The so-called robo-signing revelations sparked a probe by the 50 state attorneys general into the mortgage servicing industry. Multiple hearings were held on Capitol Hill. States and homeowners have since sued mortgage servicers, alleging that homeowners were improperly foreclosed upon, that some were stuck with excessive fees and that some were improperly told they had to default on their mortgage to be considered for modifications.

The federal agencies said Wednesday that they found few cases in which homeowners were improperly foreclosed upon and that borrowers were seriously delinquent on their loans.

But they also said that mortgage servicing companies lacked sufficient staff, created improperly reviewed and notorized foreclosure court documents and lacked adequate quality control and auditing to prevent some foreclosures from moving forward even when a borrower had been approved for a loan modification or had filed for bankruptcy.

Some law firms hired by the mortgage servicers also claimed mortgage notes were lost or destroyed, even though the proper documents existed.

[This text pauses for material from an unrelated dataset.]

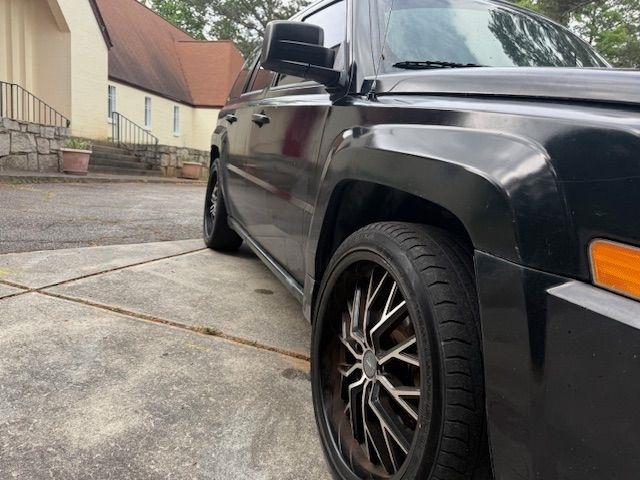 Jeep Patriot Sport 4WD 2007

They also sometimes signed documents on behalf of servicers without their authority or modified affidavits without their knowledge, the regulators said.

Overall, the companies emphasized "speed and cost efficiency over quality and accuracy," according to the review.

In agreeing to the consent orders, the banks neither admitted nor denied w rongdoing. The other companies were: Ally Financial (formerly GMAC), Aurora Bank, EverBank Financial, HSBC, MetLife, OneWest, PNC, Sovereign Bank, SunTrust Banks and U.S. Bancorp.

Actions were also brought against two companies that provide foreclosure services to the banks and others: Merscorp and its subsidiary, Mortgage Electronic Registration Systems; and Lender Processing Services and two of its subsidiaries, DocX and LPS Default Solutions.

Wednesday, several said they will make or already are making improvements. Wells Fargo said it's already addressing areas that require improvement. JPMorgan Chase called the changes "significant" and said it would hire up to 3,000 people to implement them.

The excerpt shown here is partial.